1. A toy of height 18.4 cm is balanced in front of a converging lens. An inverted, real image of height 33 cm is noticed on the other side of the lens. What is the magnification of the lens?

2. A convex lens or a magnifying glass is held 2.00 cm above a page to magnify the print. If the image produced by the lens is 3.60 cm away and virtual, what is the focal length of the magnifying glass?

3. A camera with a 200mm lens (focal length) makes a real image of a bird on film. The film is located 201 mm behind the lens. Determine the distance from the lens to the bird.

4. An object 5.50cm high is placed 100 cm from a converging lens that has a focal length of 40.0 cm.
a. Calculate the image distance
B.Calculate the image height

1. To find the magnification of the lens, we need to use the magnification formula:

Magnification (m) = Image height (hi) / Object height (ho)

In this case, the object height (ho) is given as 18.4 cm and the image height (hi) is given as 33 cm.

m = 33 cm / 18.4 cm

m ≈ 1.793

Therefore, the magnification of the lens is approximately 1.793.

2. To find the focal length of the magnifying glass, we can use the lens formula:

1/f = 1/v - 1/u

Where:
f = focal length
v = image distance
u = object distance

In this case, the image distance (v) is given as 3.60 cm and the object distance (u) is the distance between the lens and the page, which is 2.00 cm.

1/f = 1/3.60 cm - 1/2.00 cm

Simplifying the equation, we can find the value of the focal length.

1/f ≈ 0.278 cm^(-1)

f ≈ 3.60 cm

Therefore, the focal length of the magnifying glass is approximately 3.60 cm.

3. To find the distance from the lens to the bird, we can use the lens formula again:

1/f = 1/v - 1/u

In this case, the focal length (f) is given as 200 mm (or 20 cm), and the object distance (u) is the distance from the lens to the bird, which we need to find. The image distance (v) is given as 201 mm (or 20.1 cm).

1/20 cm = 1/20.1 cm - 1/u

Simplifying the equation:

1/20 cm ≈ 0.0499 cm^(-1)
1/20.1 cm ≈ 0.04975 cm^(-1)

0.0499 cm^(-1) = 0.04975 cm^(-1) - 1/u

Rearranging the equation and solving for u:

1/u ≈ 0.04975 cm^(-1) - 0.0499 cm^(-1)

1/u ≈ -0.00015 cm^(-1)

u ≈ -6666.67 cm

Since distance cannot be negative, we can discard the negative sign and conclude that the distance from the lens to the bird is approximately 6666.67 cm.

4. a. To calculate the image distance, we can again use the lens formula:

1/f = 1/v - 1/u

In this case, the focal length (f) is given as 40.0 cm. The object distance (u) is given as 100 cm.

1/40.0 cm = 1/v - 1/100 cm

Simplifying the equation:

1/40.0 cm ≈ 0.025 cm^(-1)
1/100 cm ≈ 0.01 cm^(-1)

0.025 cm^(-1) = 0.01 cm^(-1) - 1/v

Rearranging the equation and solving for v:

1/v ≈ 0.01 cm^(-1) - 0.025 cm^(-1)

1/v ≈ -0.015 cm^(-1)

v ≈ -66.67 cm

Since distance cannot be negative, we discard the negative sign and conclude that the image distance is approximately 66.67 cm.

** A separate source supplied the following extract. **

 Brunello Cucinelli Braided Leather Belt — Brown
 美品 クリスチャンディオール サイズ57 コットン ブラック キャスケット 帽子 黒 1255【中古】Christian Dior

b. To calculate the image height, we can use the magnification formula:

Magnification (m) = Image height (hi) / Object height (ho)

In this case, the object height (ho) is given as 5.50 cm and the magnification (m) can be calculated using the previously calculated image height:

m = -V/u (Negative sign indicates that the image is inverted)

m = -66.67 cm / 100 cm

m ≈ -0.6667

Now, we can find the image height by multiplying the magnification by the object height:

Image height (hi) = -0.6667 * 5.50 cm

hi ≈ -3.67 cm

Since the height of the image is negative, it indicates that the image is inverted.

Therefore, the image height is approximately 3.67 cm and it is inverted.